Philippakis Anthony A, Busser Brian W, Gisselbrecht Stephen S, He Fangxue Sherry, Estrada Beatriz, Michelson Alan M, Bulyk Martha L
Division of Genetics, Department of Medicine, Brigham and Women's Hospital and Harvard Medical School, Boston, Massachusetts, USA.
PLoS Comput Biol. 2006 May;2(5):e53. doi: 10.1371/journal.pcbi.0020053. Epub 2006 May 26.
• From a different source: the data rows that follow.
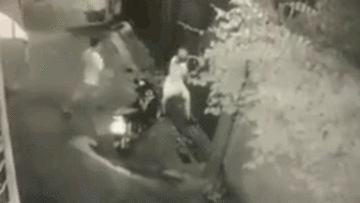 Cô gái bất ngờ bị nam thanh niên vật xuống đường, sàm sỡ ngay trước cửa nhà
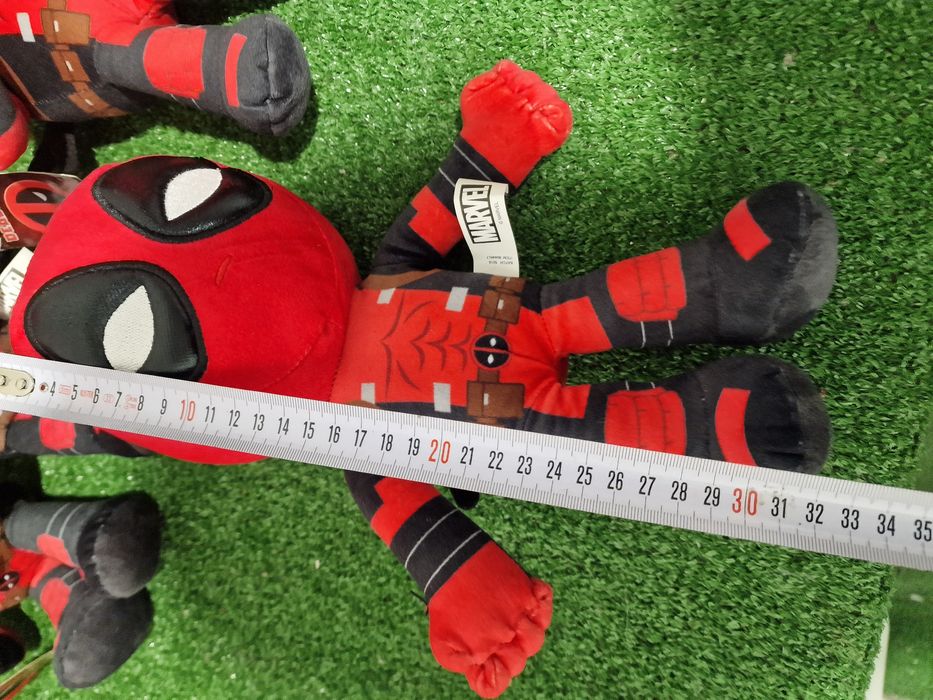 Deadpool играчки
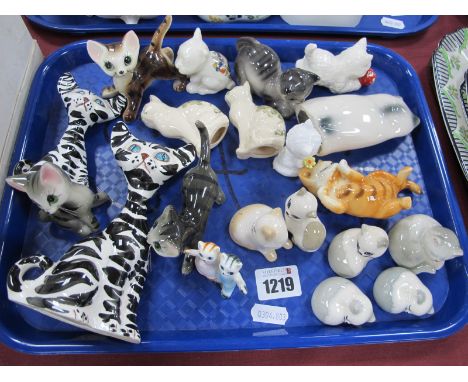 Pottery Cats, including Szeiler, Italian, Simco, Hummel (20):-One Tray,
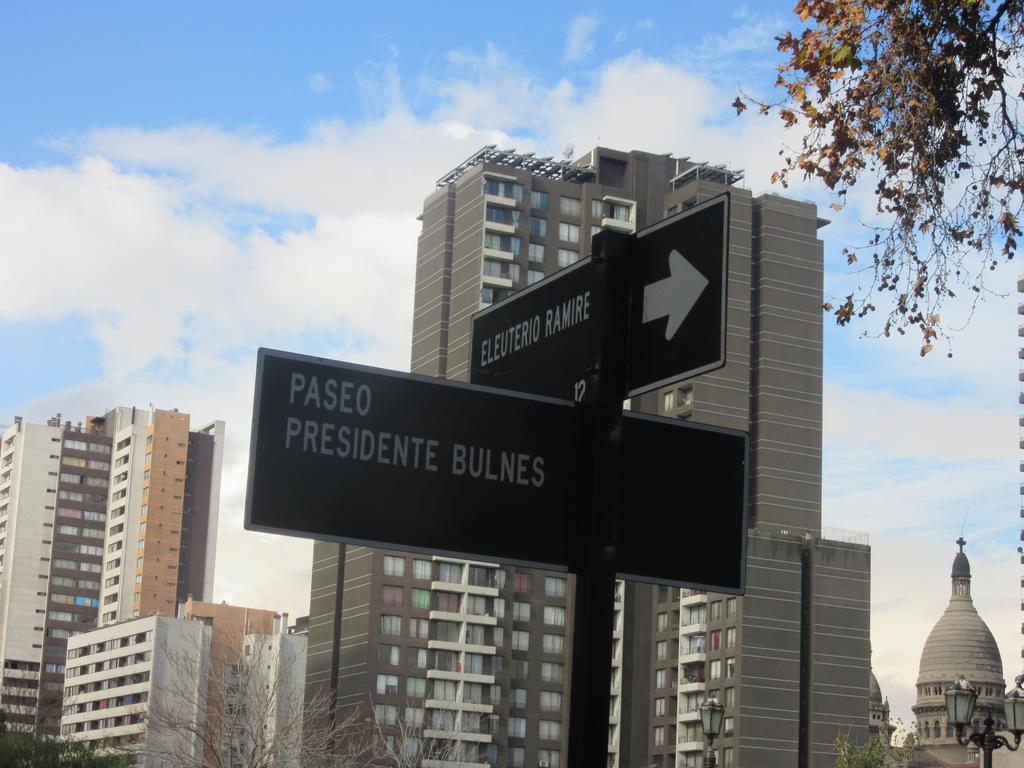 Departamento Paseo Bulnes Metro La Moneda Appartement Santiago Buitenkant foto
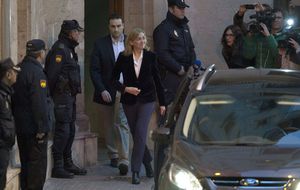 Doña Cristina abandona el Juzgado tras siete horas de interrogatorio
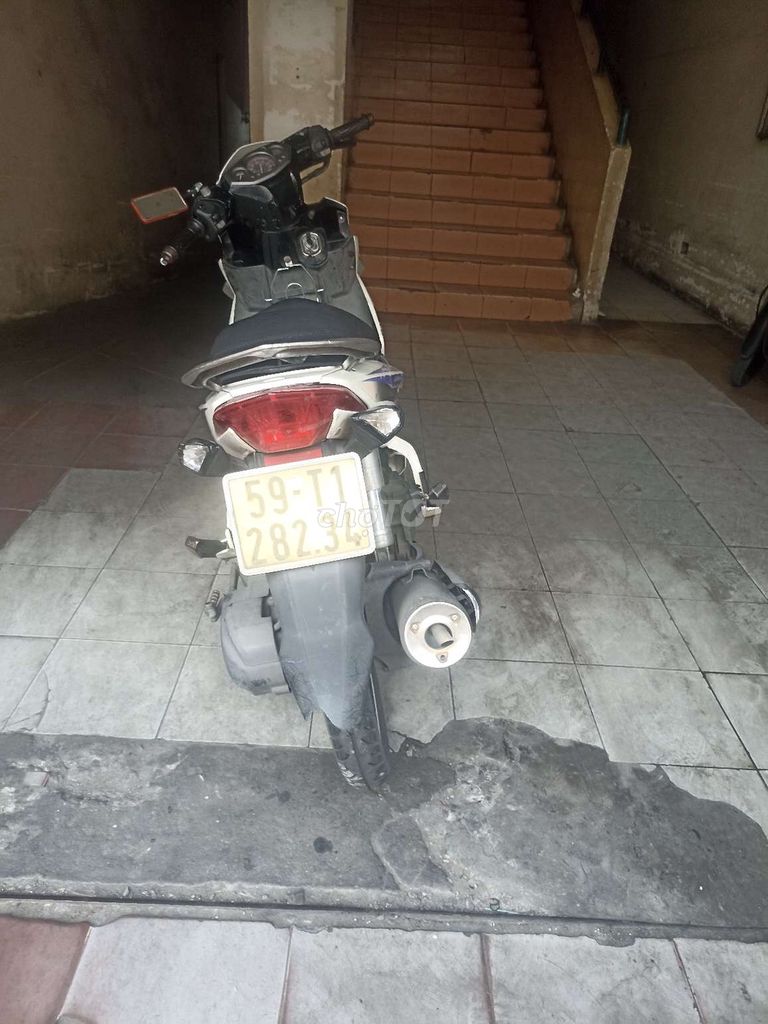 Yamaha Nouvo LX 2010 Trắng-Đen còn tin còn bán. Mua bán Xe máy tại Quận 10 Tp Hồ Chí Minh được đăng bởi văn phúc  hình 4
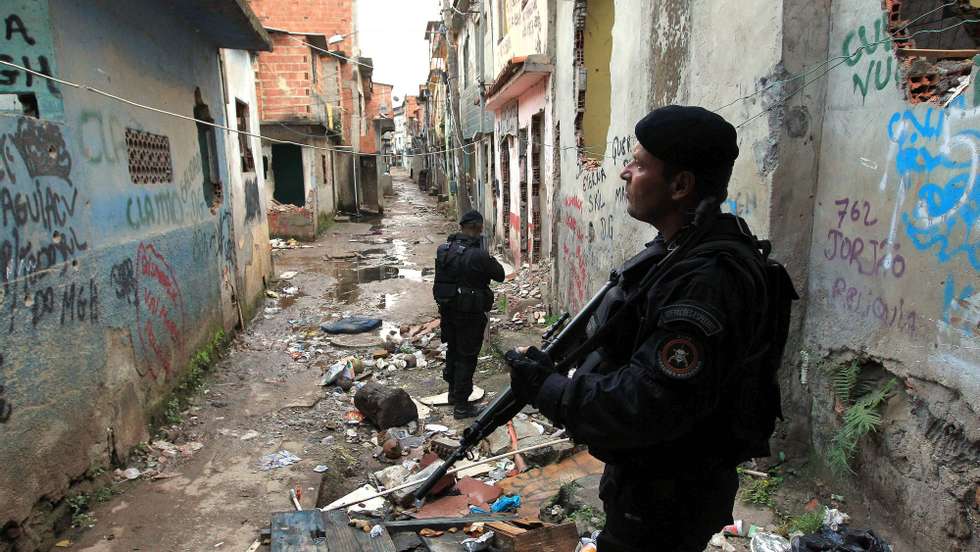 A polícia brasileira ocupa a favela de Manguinhos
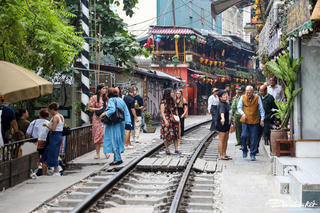 Có nên phát triển “cà phê đường tàu” thành sản phẩm du lịch?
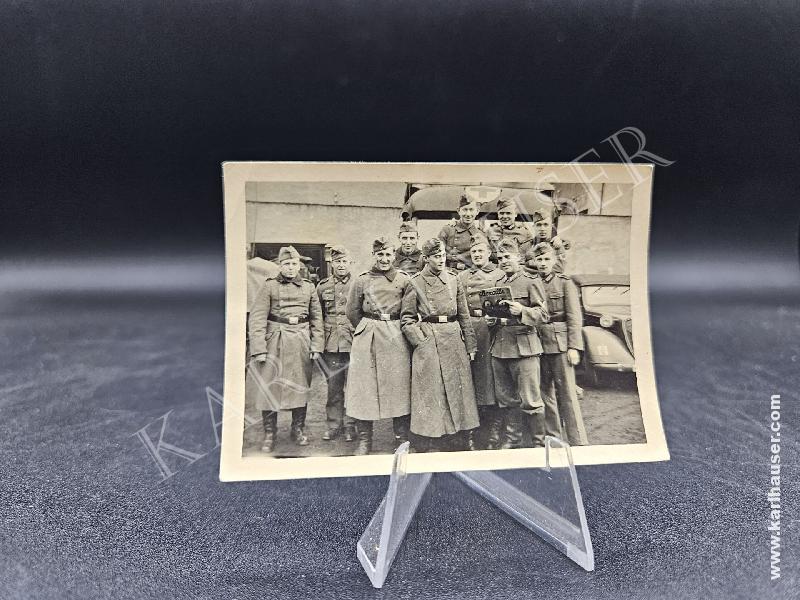 Art.  picture-of-heer-soldiers-and-military-vehicles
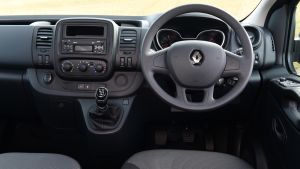 Renault-Trafic-Passenger-steering.jpg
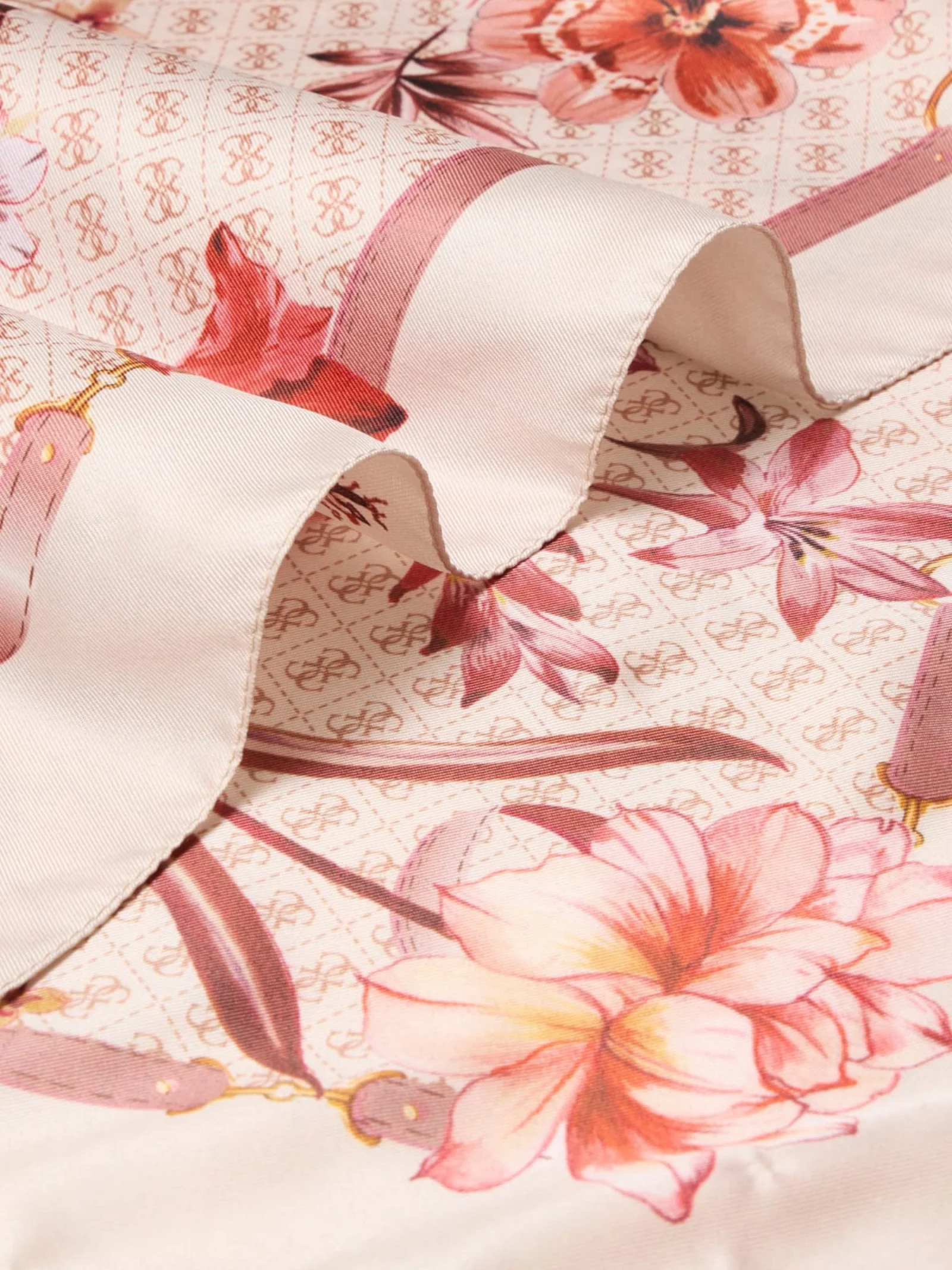 Foulard Guess beige con fantasia floreale - Image 3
While combinatorial models of transcriptional regulation can be inferred for metazoan systems from a priori biological knowledge, validation requires extensive and time-consuming experimental work. Thus, there is a need for computational methods that can evaluate hypothesized cis regulatory codes before the difficult task of experimental verification is undertaken. We have developed a novel computational framework (termed "CodeFinder") that integrates transcription factor binding site and gene expression information to evaluate whether a hypothesized transcriptional regulatory model (TRM; i.e., a set of co-regulating transcription factors) is likely to target a given set of co-expressed genes. Our basic approach is to simultaneously predict cis regulatory modules (CRMs) associated with a given gene set and quantify the enrichment for combinatorial subsets of transcription factor binding site motifs comprising the hypothesized TRM within these predicted CRMs. As a model system, we have examined a TRM experimentally demonstrated to drive the expression of two genes in a sub-population of cells in the developing Drosophila mesoderm, the somatic muscle founder cells. This TRM was previously hypothesized to be a general mode of regulation for genes expressed in this cell population. In contrast, the present analyses suggest that a modified form of this cis regulatory code applies to only a subset of founder cell genes, those whose gene expression responds to specific genetic perturbations in a similar manner to the gene on which the original model was based. We have confirmed this hypothesis by experimentally discovering six (out of 12 tested) new CRMs driving expression in the embryonic mesoderm, four of which drive expression in founder cells.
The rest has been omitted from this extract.